I often get into arguments with my libertarian friends, despite how much some of our beliefs overlap. We very much disagree when it comes to the libertarian tendency to economic conservatism, but we tend to agree on the basic philosophical importance of individual freedom and liberties. Even so, we differ substantially. A conversation I had with my friend C over the Hobby Lobby case before the United States Supreme Court found us disagreeing on a simple, intractable matter.
I sympathized with the position of a woman who should have the economic freedom to have her medical expenses, birth control included, covered by her insurance plan. He sympathized with the position of an employer being forced to underwrite insurance plans that included services he considered unconscionably immoral. Two incompatible needs collide where the satisfaction of one creates an intolerable situation for the other. But beyond the collision of individuals, a greater social tragedy unfolds. For me, at least, the world is already too cruel to tell people ‘Then don’t work there,’ because so many of us can’t actually afford to make that choice.
|John Locke was a definitive thinker of the era we call|
modernity, whose individualistic political philosophy
captures the essence of the new time as it arose.
One of the most interesting of the pithy descriptions of libertarian philosophy I’ve come across in my time as a professional philosopher came from my friend D at the Canadian Philosophical Association conference in Waterloo two years ago. He described philosophical libertarianism as, basically, the ideas of John Locke ported into the modern world.
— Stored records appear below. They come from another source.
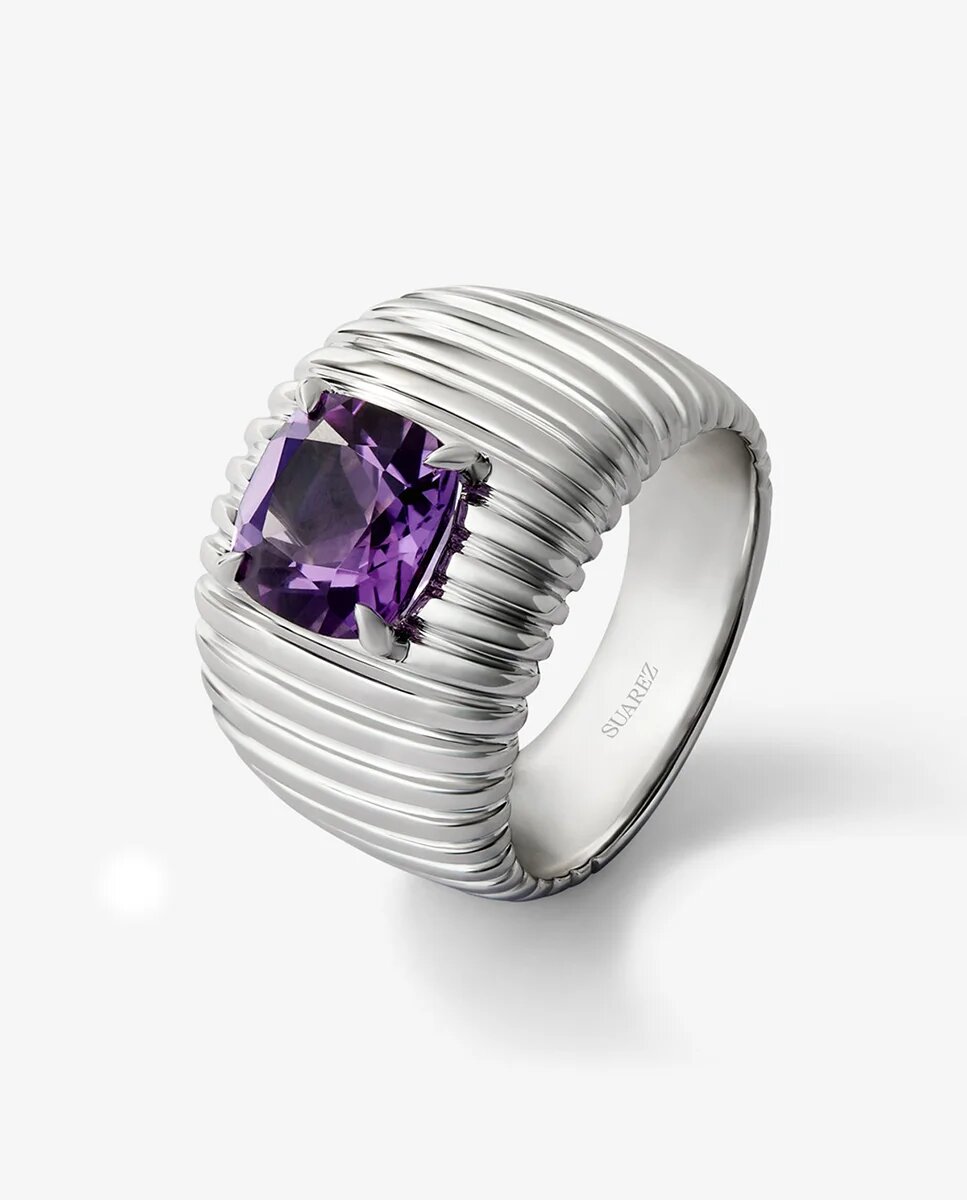 Imagen 0 de Anillo gallonado de plata 925 con amatista morada Morado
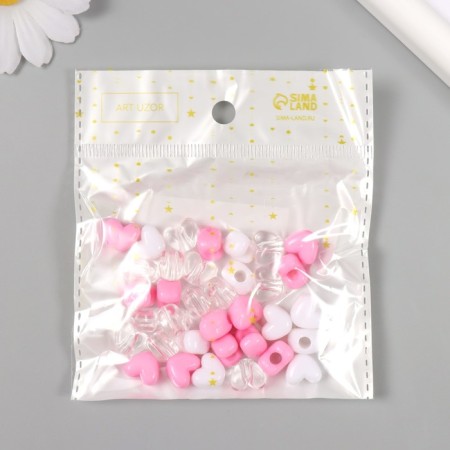 Plastic beads "Heart. Pink, white, transparent" set of 20 g 1.2x0.9x0.8 cm-3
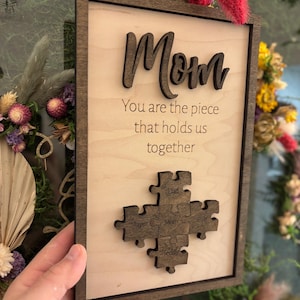 Personalized Puzzle Piece Sign | Gifts for Mom | Gifts for Grandma | Personalized Mothers Day Gifts | Custom Mothers Day Gift | Mother&#39;s Day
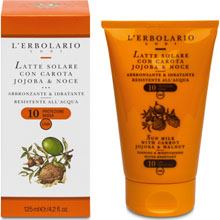 Latte Solare per Pelli Delicate con Carota, Jojoba, mallo di Noce SPF 10 Protezione Bassa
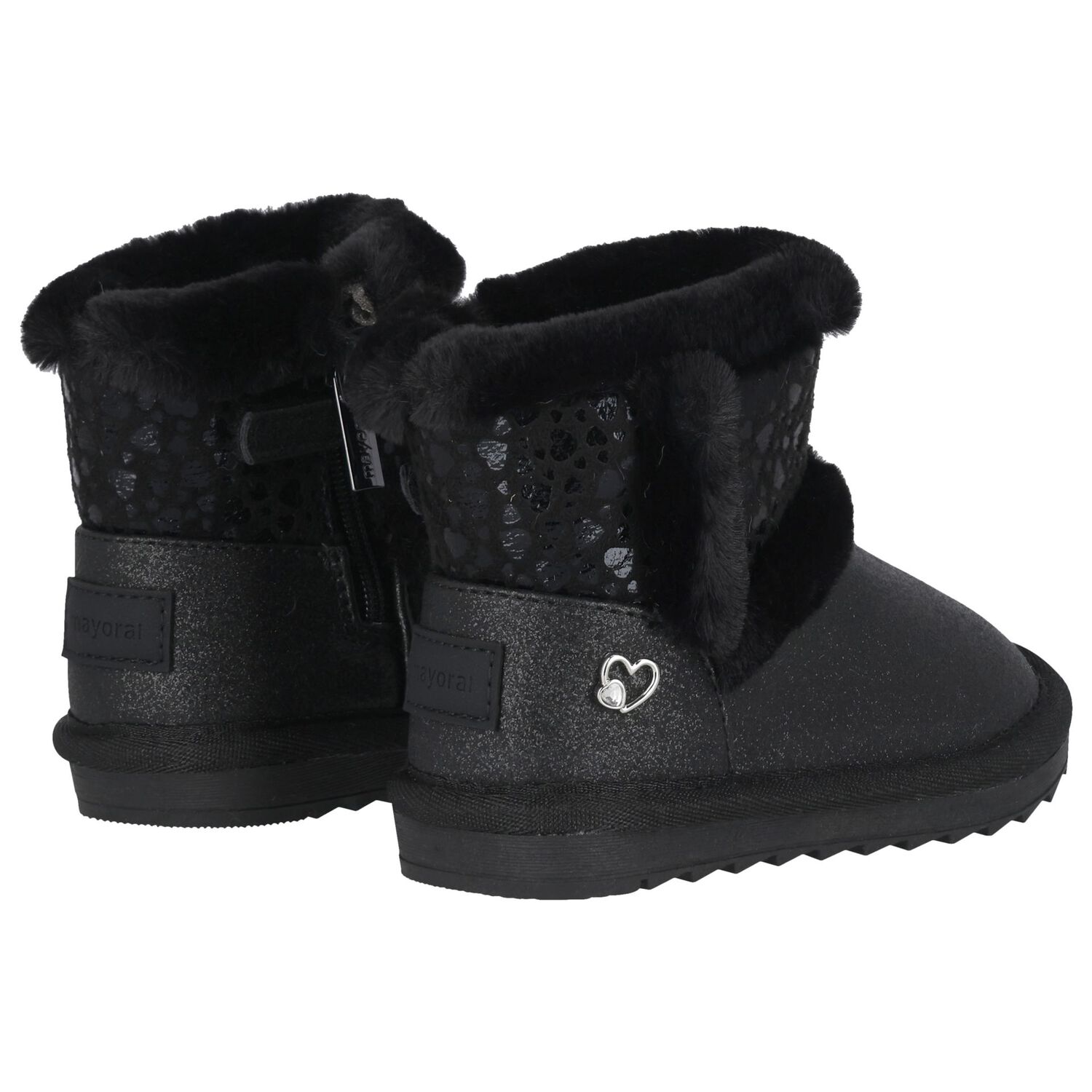 Younger Girls Black Faux Leather Boots, 1, hi-res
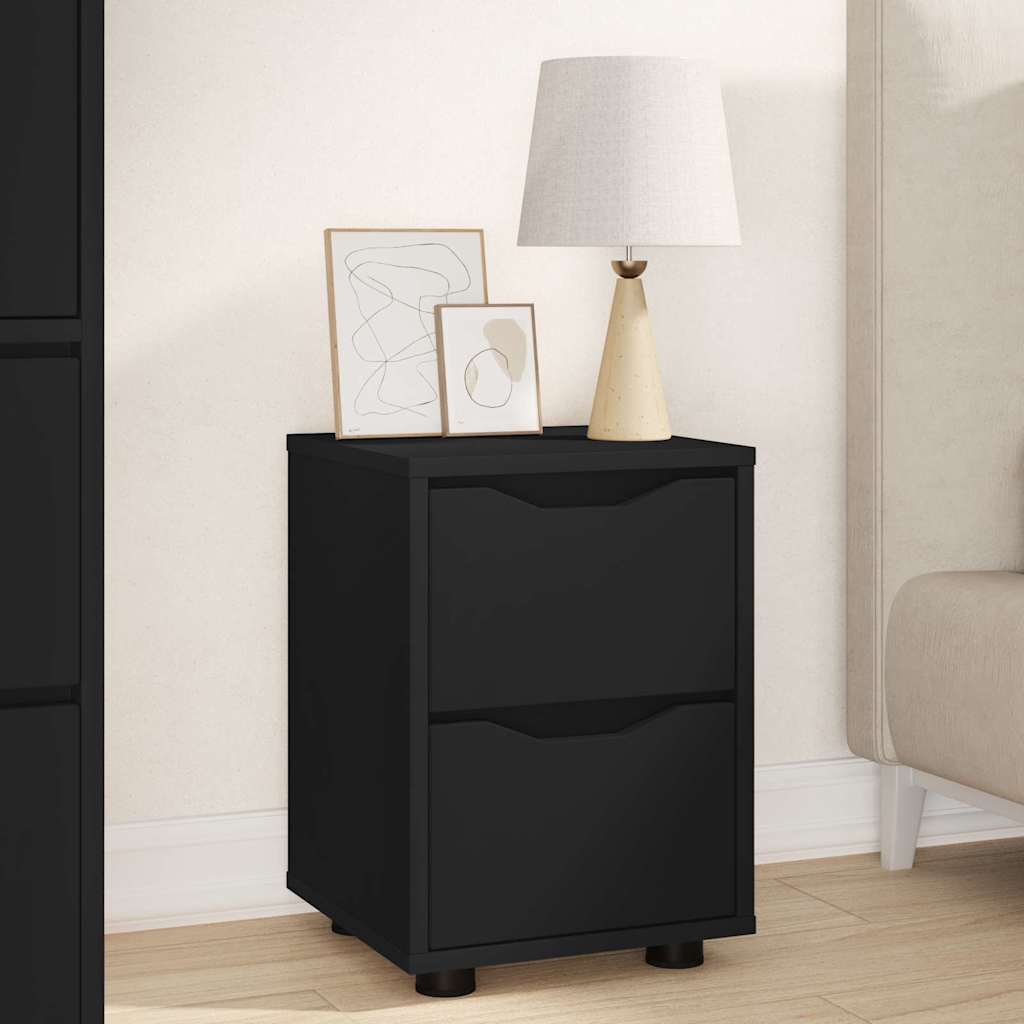 vidaXL Stolik nocny Czarny 30,5 x 30 x 43 cm Materiał drewnopochodny
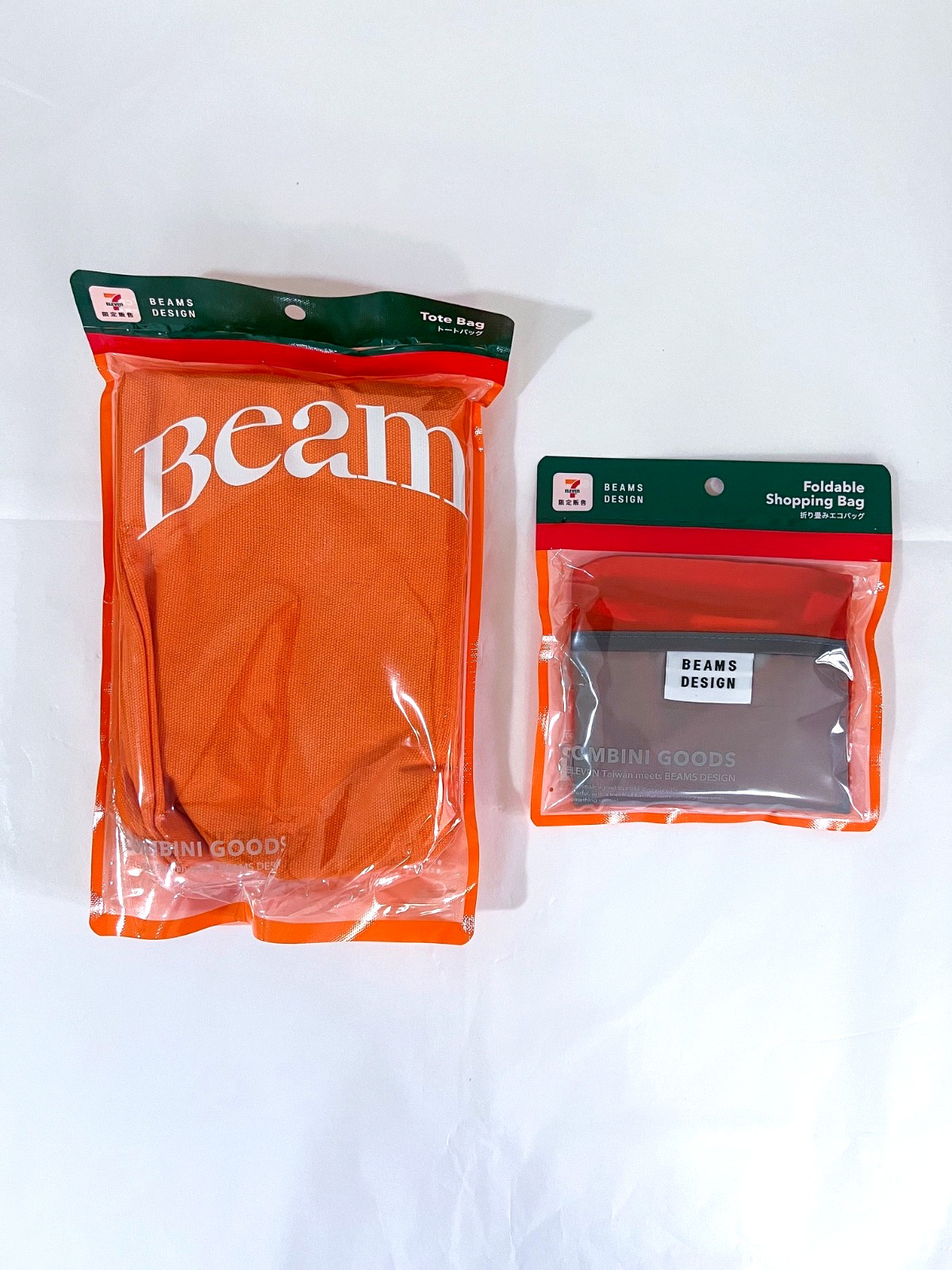 BEAMS 7-Eleven Taiwan Exclusive Tote Bag + Foldable Shopping Bag Japan Bundle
Reading Karl Mannheim, I find myself thinking of particular dimensions of human life that such a philosophy does miss.
Mannheim spends good chunks of the introduction to Ideology and Utopia explaining and justifying why his focus on the social generation of knowledge is required. One way he does so is to explain the era of individualist thinking in which the problems of philosophical epistemology and the individualist conception of the human personality arose was, in fact, an anomalous era.
The popular view of modernity is as a new epoch, an emerging social order in the West. But Mannheim sees that period instead as the end of a social order in Europe, where a new order doesn’t begin. The old order was the medieval period, where every social function and moral question was determined by the dogma and guidance of the Church and its officials. Just as Max Weber saw the Protestant movement as ushering in a new era of thought and personal morality, Mannheim follows this notion that the assault on the dogmatic power of the Church in the West to avoid fundamental questioning of its guidance.
But where Weber saw a new beginning, Mannheim seems to describe a pure transition zone. He appears to interpret the fragmentation of society’s moral orders with the proliferation of different religious creeds and authorities as a period of flux that would eventually settle down into a new order. Individualism would be a passing phase on the way to a new social order of conformity within accepted institutions.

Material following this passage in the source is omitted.